I have 2 different samples for which I sequenced the transcriptomes (Illumina): sample A and sample B.
I pooled all the single-end reads (up to 300 bp) from the 2 samples together and did a de novo assembly with CLC.
Now I am trying to retrieve from which sample the contigs (up to 3,000 bp) come from.
To do that I aligned (bowtie2):
- reads from sample A vs indexed contigs
- reads from sample B vs indexed contigs
For each samples independently, I filtered the respective SAM files with samtools (samtools view -F 4 <sample-specific_SAM.tab>) to obtain the IDs and then the sequences of the contigs for which reads have been mapped to.
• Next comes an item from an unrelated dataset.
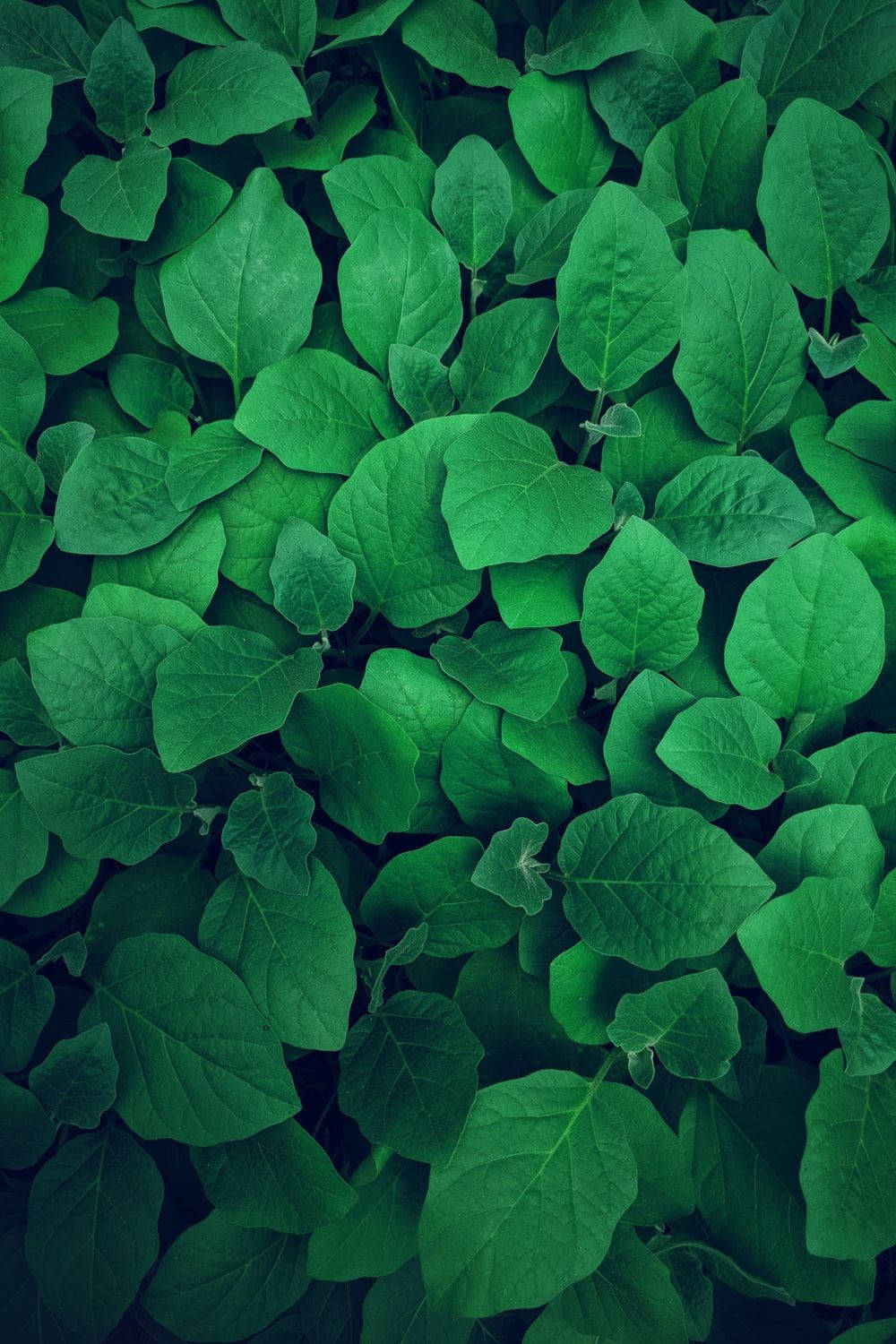Rich Emerald Green Leaf Background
As a control, I know that some contigs are specific to each samples (sample A has 50 unique contigs that cannot be found in sample B; sample B has 100 unique contigs that cannot be found in sample A).
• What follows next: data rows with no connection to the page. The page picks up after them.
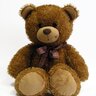 ted925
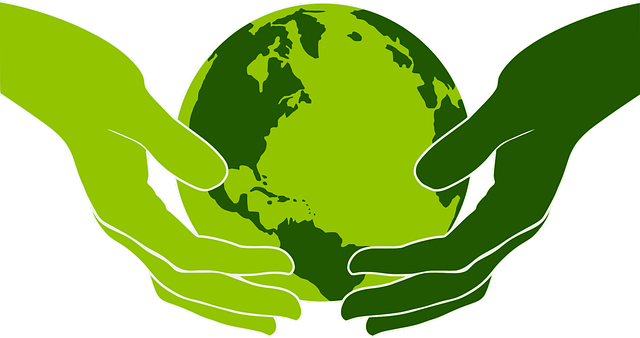 asset protection in mediation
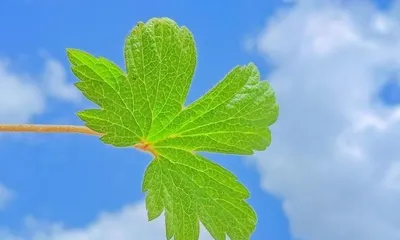 Plants that symbolize positivity (15 plants to help you move towards a positive life) 3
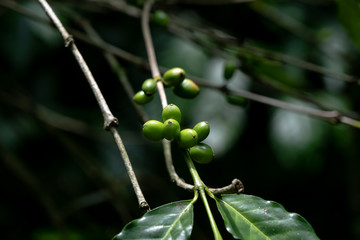 Green arabica coffee beans on coffee tree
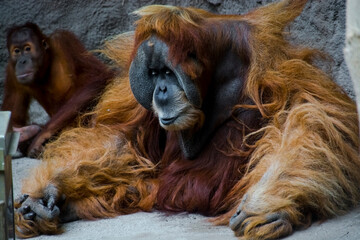 Naklejka premium Sumatran orangutan in a zoo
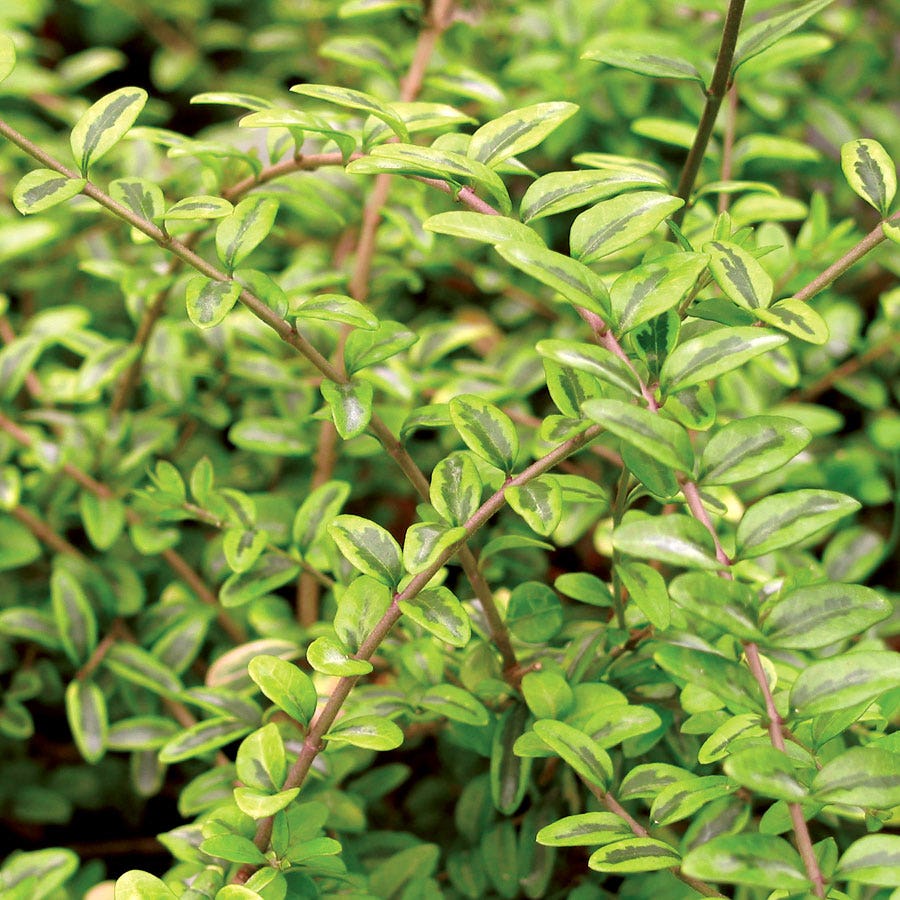 Lonicera 'Lemon Beauty'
However, when I looked at the sample-specific contigs, I can retrieve the 150 unique contigs (50 from A + 100 from B) in both samples.
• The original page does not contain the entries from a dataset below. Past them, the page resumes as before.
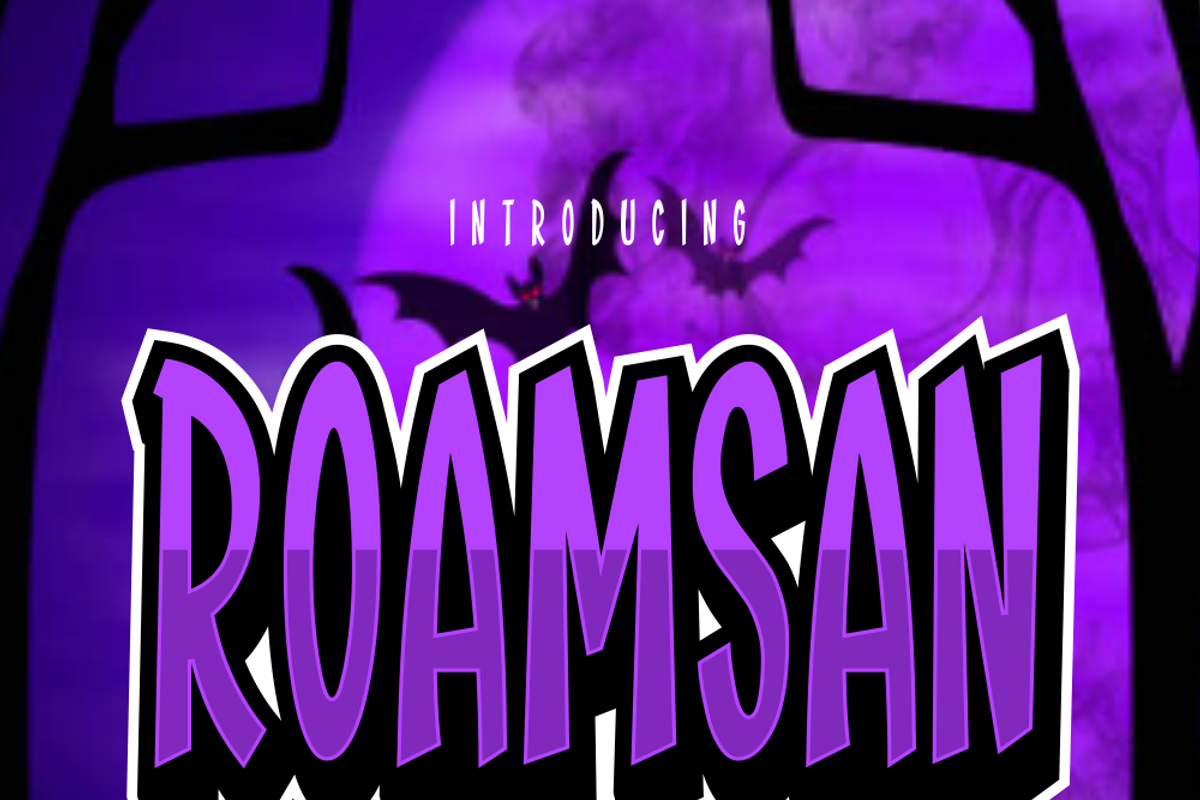 Roamsan, a Sans Serif Font by lelevien (Photo 3 of 6)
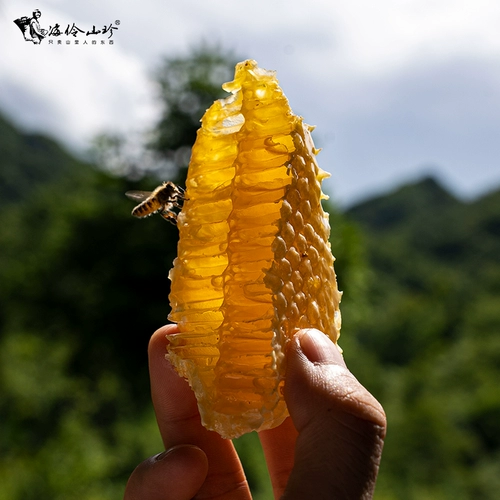 Zhao Hailing | Hai Lingshan Zhen Gaoshan Honey 900G Farmhouse Self -Self -Mode Deep Mountain Honey только раз в год принимается раз в год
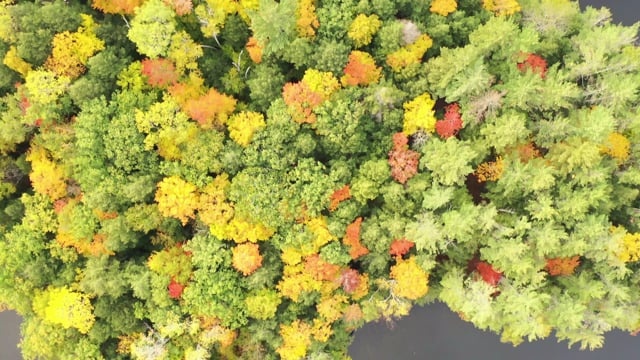 秋天, 落下, 橙色的, 粉色的, 黄色, 绿色, 颜色变化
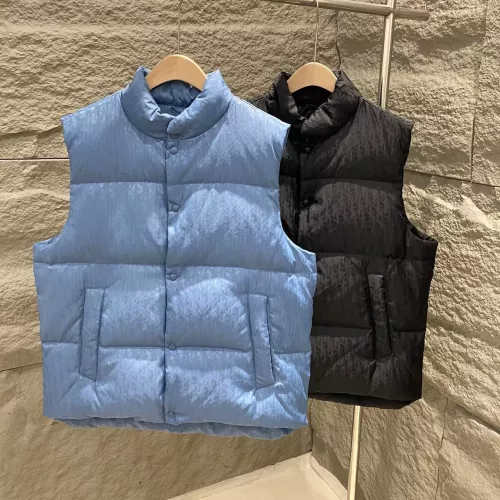 Cheap Christian Dior Down Feather Coat Sleeveless For Unisex #1380240, $$170.00 USD On Christian Dior Down Feather Coat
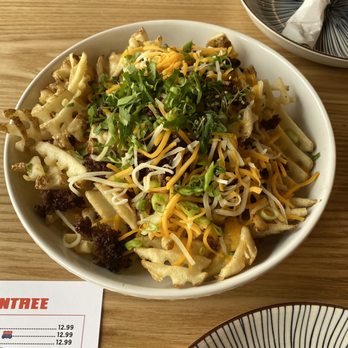 Mirin Fusion Kitchen - Cheesy Beef Fries - Asian Fusion Near Me - Augusta, Georgia
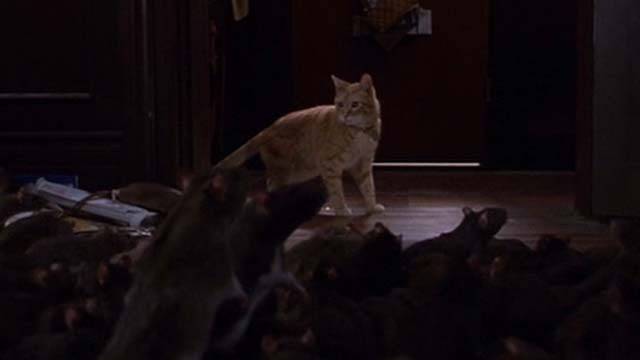 Willard 2003 - orange tabby cat Scully surrounding by rats inside front door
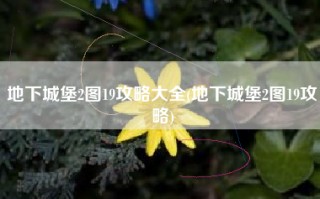 地下城堡2图19攻略大全(地下城堡2图19攻略)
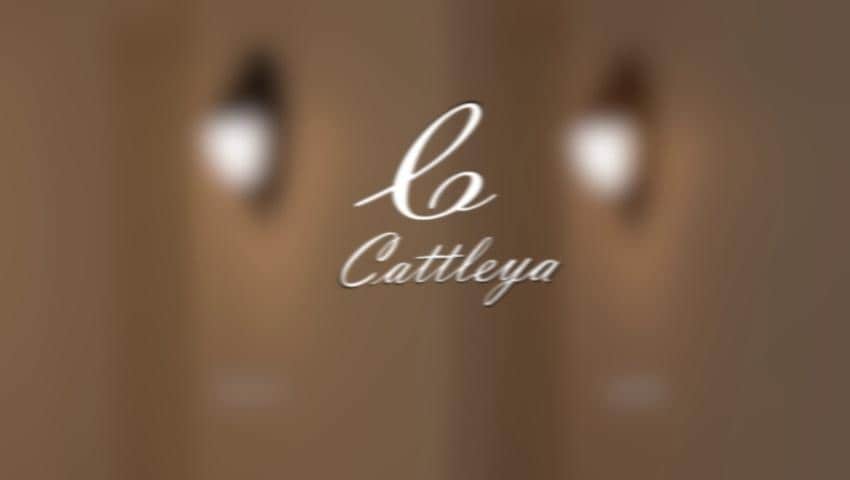A thumbnail for the video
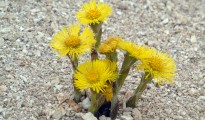 7_Tussilago farfara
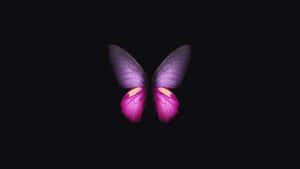 A Purple Butterfly Is Shown On A Black Background Wallpaper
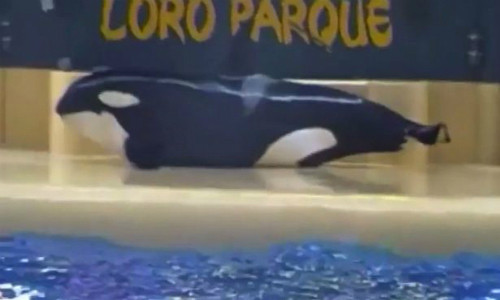 Cá voi sát thủ lên bờ nằm im tới hơn 10 phút. Ảnh: Mirror.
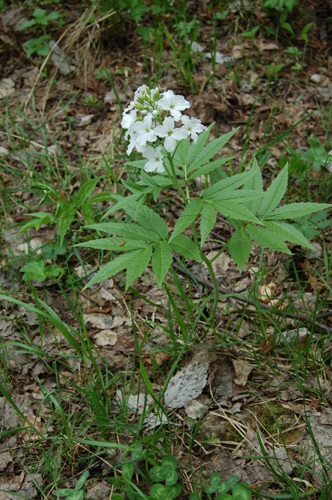 Siebenblättrige Zahnwurz / Cardamine heptaphylla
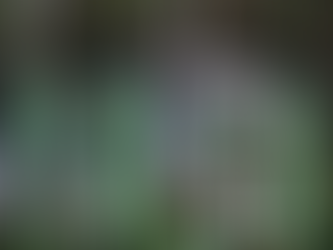 ✨ Three Seasoned Show Partners Ready for Onsite Leases and Showing This Summer✨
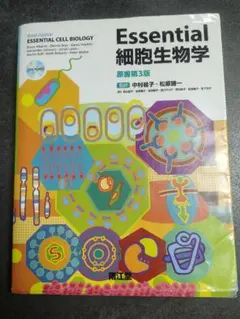 Item thumbnail for item bcedbf62-fc47-410d-b18f-397bcf344318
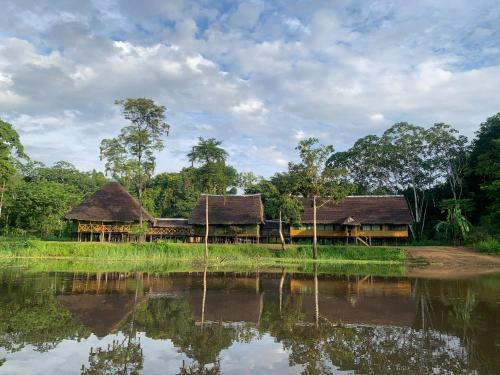 Ayahuasca Eco Tours in Iquitos, Peru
I tried different bowtie2 parameters, but obtain nearly the same statistics every time (alignment rate; length interval; N50; N90) for both samples:
- using contigs with / without exact duplicate sequences
- end_to_end / local alignment
- allowing gaps or not (to disable gaps I use --gbar <length of the longest reads>)
- keeping / removing secondary alignments from the SAM files
I don't know what to try anymore. It would be very helpful if someone could share his/her expertise or suggest another strategy.